All of the entries need to be set down exactly as they read.
⟨
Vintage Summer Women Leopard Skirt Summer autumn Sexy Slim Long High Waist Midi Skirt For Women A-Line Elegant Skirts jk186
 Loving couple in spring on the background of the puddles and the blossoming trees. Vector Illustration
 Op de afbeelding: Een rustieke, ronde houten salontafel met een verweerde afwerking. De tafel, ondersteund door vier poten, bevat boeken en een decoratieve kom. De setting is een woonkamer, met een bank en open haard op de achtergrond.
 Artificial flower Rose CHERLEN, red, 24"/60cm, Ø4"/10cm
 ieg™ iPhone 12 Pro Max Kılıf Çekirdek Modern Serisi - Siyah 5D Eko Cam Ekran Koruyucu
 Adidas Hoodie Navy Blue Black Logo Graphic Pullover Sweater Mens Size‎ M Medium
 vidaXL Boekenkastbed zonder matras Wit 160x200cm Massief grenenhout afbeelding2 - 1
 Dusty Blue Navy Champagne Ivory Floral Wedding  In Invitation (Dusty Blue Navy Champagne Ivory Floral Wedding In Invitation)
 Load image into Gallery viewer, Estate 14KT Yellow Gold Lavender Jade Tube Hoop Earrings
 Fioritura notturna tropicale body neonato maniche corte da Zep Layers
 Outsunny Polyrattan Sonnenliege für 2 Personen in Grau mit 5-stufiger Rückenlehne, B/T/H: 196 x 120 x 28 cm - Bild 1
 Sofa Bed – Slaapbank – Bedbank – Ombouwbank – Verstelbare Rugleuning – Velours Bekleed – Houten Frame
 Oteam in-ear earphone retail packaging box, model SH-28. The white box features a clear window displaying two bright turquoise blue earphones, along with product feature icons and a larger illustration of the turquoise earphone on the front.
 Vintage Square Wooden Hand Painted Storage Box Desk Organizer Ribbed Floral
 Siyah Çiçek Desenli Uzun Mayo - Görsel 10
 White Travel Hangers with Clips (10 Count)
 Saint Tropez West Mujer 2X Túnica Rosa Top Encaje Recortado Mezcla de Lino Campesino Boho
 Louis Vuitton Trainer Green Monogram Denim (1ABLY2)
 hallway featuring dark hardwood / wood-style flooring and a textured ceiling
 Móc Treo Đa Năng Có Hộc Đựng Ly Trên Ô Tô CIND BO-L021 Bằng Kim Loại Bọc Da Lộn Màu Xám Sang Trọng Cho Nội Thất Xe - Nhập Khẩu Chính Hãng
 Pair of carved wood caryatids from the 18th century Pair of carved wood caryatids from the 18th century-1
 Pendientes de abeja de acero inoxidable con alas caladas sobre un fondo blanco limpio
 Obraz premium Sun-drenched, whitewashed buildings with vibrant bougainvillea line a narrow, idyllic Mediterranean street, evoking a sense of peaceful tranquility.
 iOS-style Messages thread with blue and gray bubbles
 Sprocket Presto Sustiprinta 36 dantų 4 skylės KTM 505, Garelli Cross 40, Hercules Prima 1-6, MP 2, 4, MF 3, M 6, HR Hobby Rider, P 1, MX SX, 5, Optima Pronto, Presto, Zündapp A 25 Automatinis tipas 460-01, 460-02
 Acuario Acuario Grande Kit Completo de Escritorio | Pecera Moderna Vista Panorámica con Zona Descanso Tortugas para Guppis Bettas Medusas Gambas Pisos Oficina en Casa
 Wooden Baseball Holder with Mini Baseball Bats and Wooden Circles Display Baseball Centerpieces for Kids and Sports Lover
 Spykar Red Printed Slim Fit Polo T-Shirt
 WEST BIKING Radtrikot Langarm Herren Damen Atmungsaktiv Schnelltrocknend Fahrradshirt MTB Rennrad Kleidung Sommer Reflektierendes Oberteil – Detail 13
⟩
**Exercise response**
Vintage Summer Women Leopard Skirt Summer autumn Sexy Slim Long High Waist Midi Skirt For Women A-Line Elegant Skirts jk186
 Loving couple in spring on the background of the puddles and the blossoming trees. Vector Illustration
 Op de afbeelding: Een rustieke, ronde houten salontafel met een verweerde afwerking. De tafel, ondersteund door vier poten, bevat boeken en een decoratieve kom. De setting is een woonkamer, met een bank en open haard op de achtergrond.
 Artificial flower Rose CHERLEN, red, 24"/60cm, Ø4"/10cm
 ieg™ iPhone 12 Pro Max Kılıf Çekirdek Modern Serisi - Siyah 5D Eko Cam Ekran Koruyucu
 Adidas Hoodie Navy Blue Black Logo Graphic Pullover Sweater Mens Size‎ M Medium
 vidaXL Boekenkastbed zonder matras Wit 160x200cm Massief grenenhout afbeelding2 - 1
 Dusty Blue Navy Champagne Ivory Floral Wedding  In Invitation (Dusty Blue Navy Champagne Ivory Floral Wedding In Invitation)
 Load image into Gallery viewer, Estate 14KT Yellow Gold Lavender Jade Tube Hoop Earrings
 Fioritura notturna tropicale body neonato maniche corte da Zep Layers
 Outsunny Polyrattan Sonnenliege für 2 Personen in Grau mit 5-stufiger Rückenlehne, B/T/H: 196 x 120 x 28 cm - Bild 1
 Sofa Bed – Slaapbank – Bedbank – Ombouwbank – Verstelbare Rugleuning – Velours Bekleed – Houten Frame
 Oteam in-ear earphone retail packaging box, model SH-28. The white box features a clear window displaying two bright turquoise blue earphones, along with product feature icons and a larger illustration of the turquoise earphone on the front.
 Vintage Square Wooden Hand Painted Storage Box Desk Organizer Ribbed Floral
 Siyah Çiçek Desenli Uzun Mayo - Görsel 10
 White Travel Hangers with Clips (10 Count)
 Saint Tropez West Mujer 2X Túnica Rosa Top Encaje Recortado Mezcla de Lino Campesino Boho
 Louis Vuitton Trainer Green Monogram Denim (1ABLY2)
 hallway featuring dark hardwood / wood-style flooring and a textured ceiling
 Móc Treo Đa Năng Có Hộc Đựng Ly Trên Ô Tô CIND BO-L021 Bằng Kim Loại Bọc Da Lộn Màu Xám Sang Trọng Cho Nội Thất Xe - Nhập Khẩu Chính Hãng
 Pair of carved wood caryatids from the 18th century Pair of carved wood caryatids from the 18th century-1
 Pendientes de abeja de acero inoxidable con alas caladas sobre un fondo blanco limpio
 Obraz premium Sun-drenched, whitewashed buildings with vibrant bougainvillea line a narrow, idyllic Mediterranean street, evoking a sense of peaceful tranquility.
 iOS-style Messages thread with blue and gray bubbles
 Sprocket Presto Sustiprinta 36 dantų 4 skylės KTM 505, Garelli Cross 40, Hercules Prima 1-6, MP 2, 4, MF 3, M 6, HR Hobby Rider, P 1, MX SX, 5, Optima Pronto, Presto, Zündapp A 25 Automatinis tipas 460-01, 460-02
 Acuario Acuario Grande Kit Completo de Escritorio | Pecera Moderna Vista Panorámica con Zona Descanso Tortugas para Guppis Bettas Medusas Gambas Pisos Oficina en Casa
 Wooden Baseball Holder with Mini Baseball Bats and Wooden Circles Display Baseball Centerpieces for Kids and Sports Lover
 Spykar Red Printed Slim Fit Polo T-Shirt
 WEST BIKING Radtrikot Langarm Herren Damen Atmungsaktiv Schnelltrocknend Fahrradshirt MTB Rennrad Kleidung Sommer Reflektierendes Oberteil – Detail 13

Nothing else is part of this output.